In Silico Analysis of Curcumin's Targeted Cancer Therapy: Folate Receptor Pathways and Molecular Interaction Insights.

This study explores the therapeutic potential of curcumin (CUR) in cancer therapy, specifically examining its targeted transport through folate receptors and its interaction with certain proteins in breast cancer cell lines. We employed molecular docking technique to assess the binding affinities of CUR with proteins 1H1Q, 1UOM, 4JDD, 5U2D and MCF10A normal breast epithelial cell line protein 5UGB. Out of these, the CUR-1H1Q complex exhibited the greatest binding affinity. To assess the stability of this complex in a biological setting, we conducted molecular dynamics simulations of the 1H1Q-CUR complex for a duration of 100 ns. The simulations demonstrated an extremely stable Cα-backbone, exhibiting a consistently low root mean square deviation.
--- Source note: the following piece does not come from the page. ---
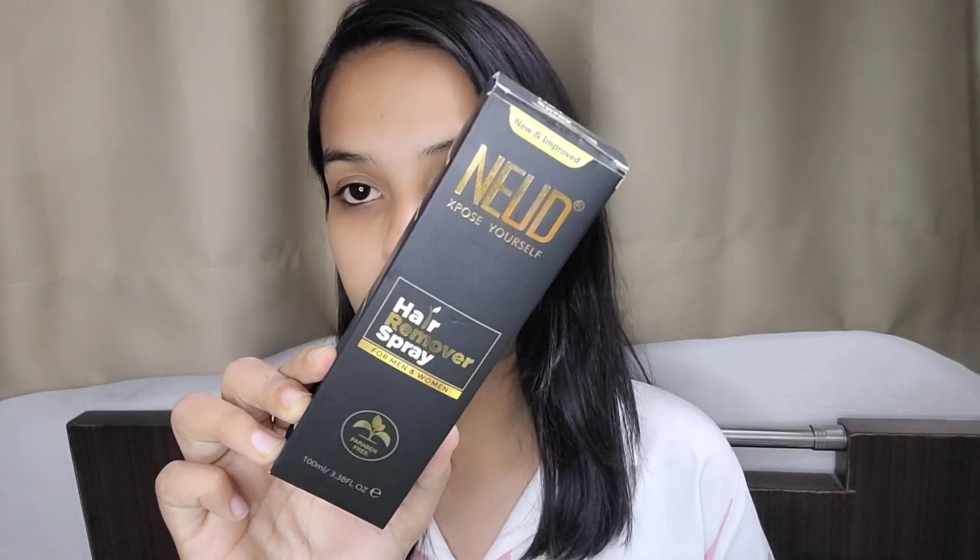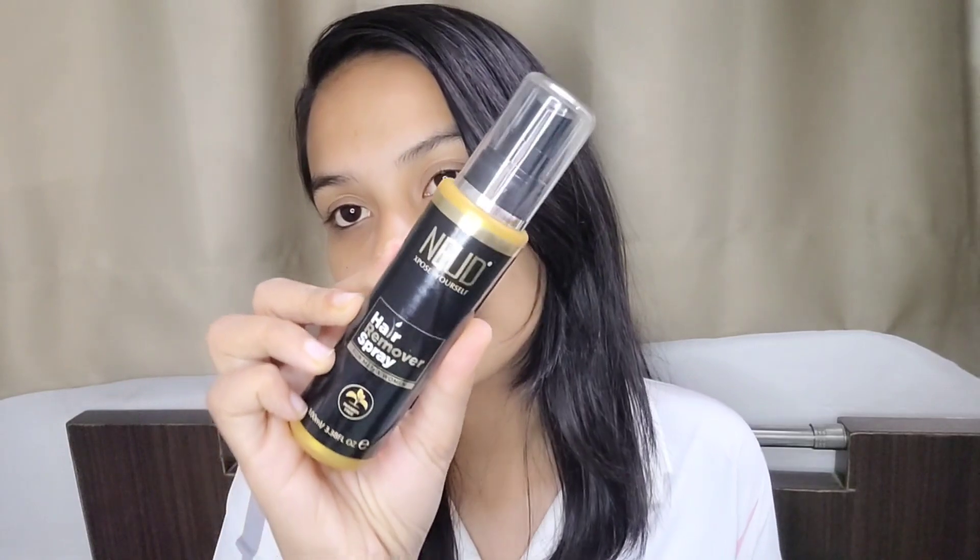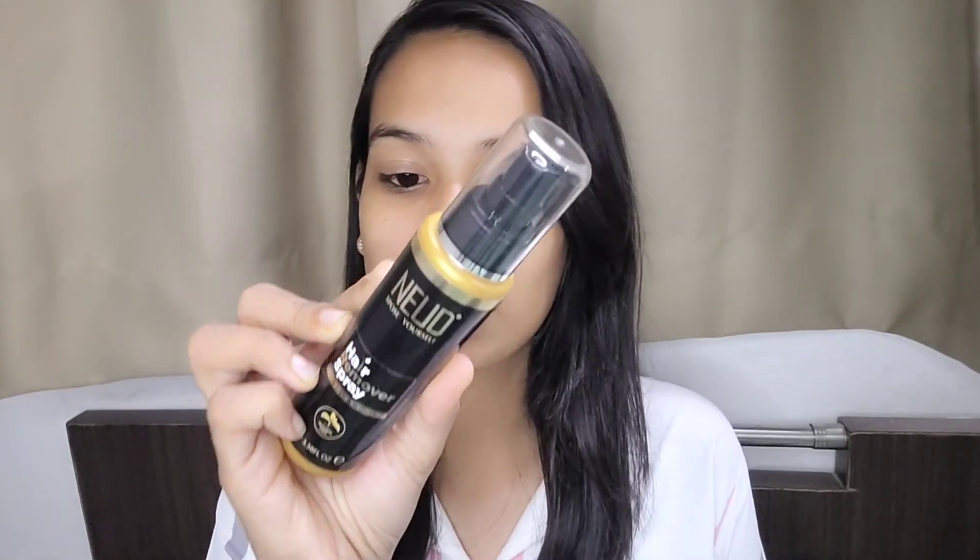The Nude hair removal spray comes in its outer packaging, and it's not at a costly price — it's 290 rupees. You will get a reasonable price on sale. I'll show you the inner packaging too. You can find this product on the Nude website or Amazon and Flipkart. The inner packaging is black in color.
The radius of gyration measurements suggested a condensed structure with specific areas of flexibility. The simulation revealed a consistent hydrogen bond between CUR and 1H1Q, indicating a robust and long-lasting interaction between the two molecules. The results indicate that the cytotoxicity of curcumin on MCF7 cancer cell lines is mainly affected by its interactions with several proteins found in these cancer cells. Among the four proteins tested, 1H1Q has the greatest influence. The high affinity of these proteins for curcumin, which results in the creation of stable complexes, seems to trigger cell death. Curcumin's biocompatibility and toxicological effects were investigated in both normal and cancerous cell lines. The study revealed enhanced biocompatibility and potential toxicity in cancerous cell lines, while demonstrating reduced toxicity in normal cell lines.